Mais, en dernière analyse, il faut accepter de souffrir pour le nom du Christ et ne pas s'étonner de ces campagnes de dénigrement : « Si vous étiez du monde, le monde aimerait son bien ; mais parce que vous n'êtes pas du monde, puisque mon choix vous a tirés du monde, pour cette raison, le monde vous hait » (Jn 15, 19). « Mais gardez courage, nous dit Jésus, j'ai vaincu le monde » (Jn 16, 33).

 

Non, ce n'est pas signé Mgr Fort, d'Orléans, mais

+ Marc Aillet, évêque de Bayonne, Lescar et Oloron

et j'approuve (en espérant ne pas vous perdre).

A bientôt, les amis

Bernard Bonnejean

 

Publié dans culture humaniste

Commenter cet article

Bernard Bonnejean 28/05/2009 21:12

Chère Catherine,

Bien content de vous revoir !

Vous craignez de ficher la pagaille chez moi ? N'ayez crainte : j'y arrive bien tout seul, mais rien ne vous empêche de me filer un coup de main, ou de plume...

Votre "truc en plume" d'aujourd'hui est parfaitement exact : Lucifer a commencé sa carrière en bon ange, "porteur de lumière" c'est tout dire ! Et puis est venue l'hubris, le fameux orgueil démesuré du héros grec qui veut se faire aussi puissant que Dieu en devenant désobéissant. Il aurait dit "non serviam", en latin dans la vulgate, c'est-à-dire "plus question d'obéir" ! Comme un gosse ou un ado qui, un jour, vous regarde et vous dit : "J'en ai marre d'obéir tout le temps". Et Lucifer est devenu mortifère, car c'est lui qui donne la mort.Mais LA FEMME lui écrasera la tête au dernier jour : le bien aura vaincu le mal.

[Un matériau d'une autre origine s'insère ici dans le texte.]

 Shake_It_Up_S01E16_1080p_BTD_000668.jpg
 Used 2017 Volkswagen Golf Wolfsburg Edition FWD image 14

Pour d'autres leçons de catéchime, prévenir quelque temps à l'avance que j'aie le temps de trouver les références précises. Merci.

Bernard

Catherine 28/05/2009 16:18

" La lumière est venue dans le monde, et le monde ne l'a pas reconnu (Jn 1, 10), et il l'a prise en haine (cf. Jn 15, 18)"

Dites, Bernard, c'est pas pour flanquer la pagaille chez vous, que je dis ça, mais enfin le "porteur de lumière", celui qui est haï, c'est Lucifer (luce = la lumière), le Prométhée des anciens Grecs... C'est bin vrai que les voies de Dieu sont impénétrables.